EXERCISE DESCRIPTION: Below are the entries. Print only the lines starting at the one with "ジョイントファイン商品説明" and ending at the one with "Aix-les-Bains : 3 conseils", exactly, with no pictures.

STORED DATA:
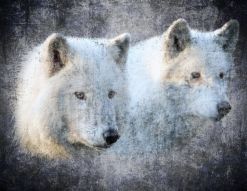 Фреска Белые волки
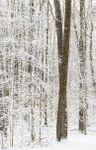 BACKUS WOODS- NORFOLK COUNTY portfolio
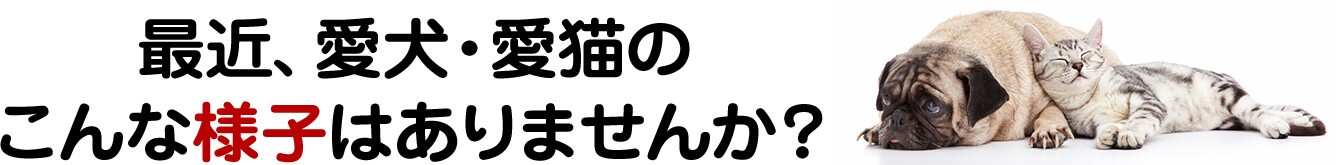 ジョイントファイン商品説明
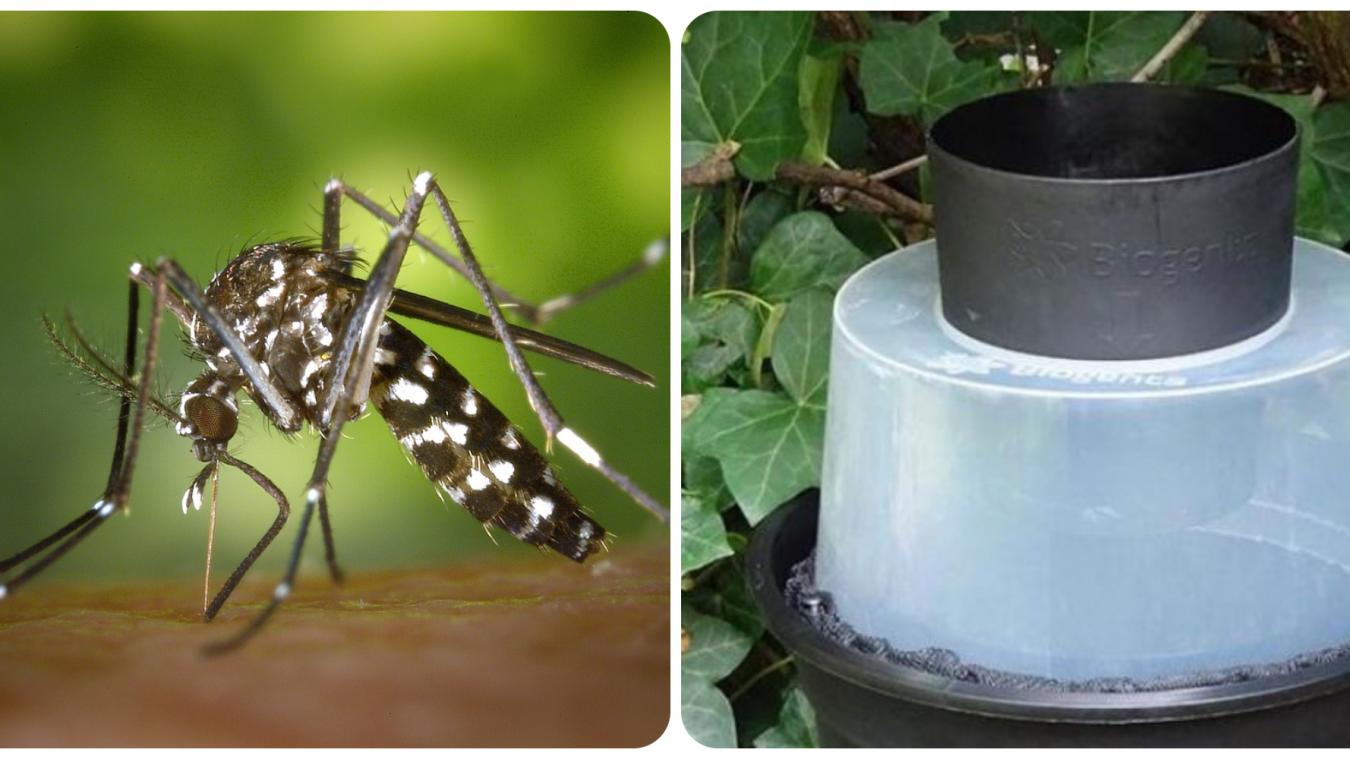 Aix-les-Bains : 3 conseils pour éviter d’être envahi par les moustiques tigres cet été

==

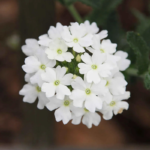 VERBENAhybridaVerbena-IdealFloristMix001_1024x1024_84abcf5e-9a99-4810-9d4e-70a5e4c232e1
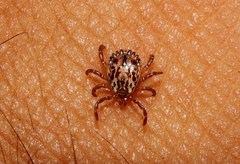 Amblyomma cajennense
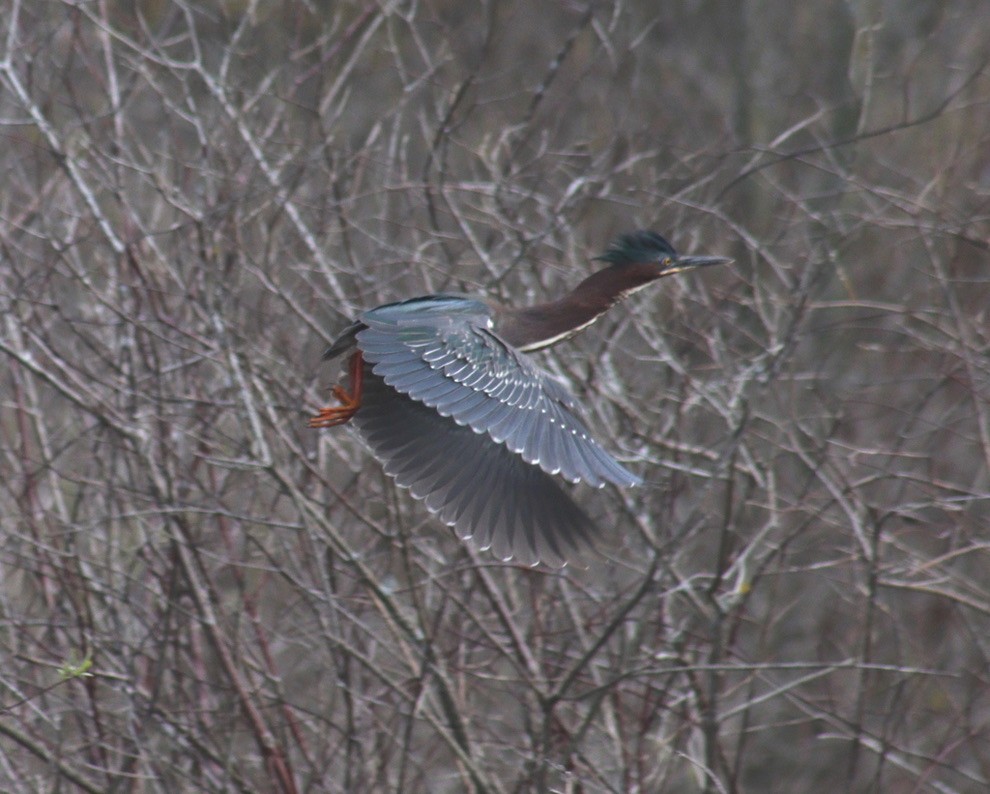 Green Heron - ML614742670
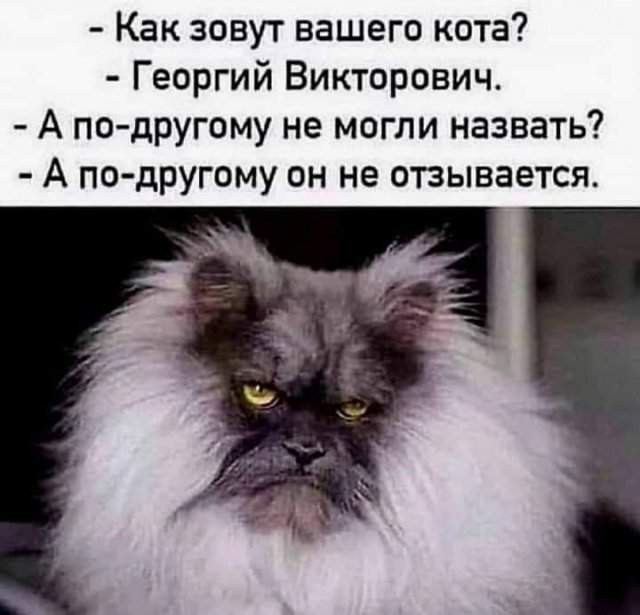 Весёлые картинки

SOLVED EXERCISE:
 ジョイントファイン商品説明
 Aix-les-Bains : 3 conseils pour éviter d’être envahi par les moustiques tigres cet été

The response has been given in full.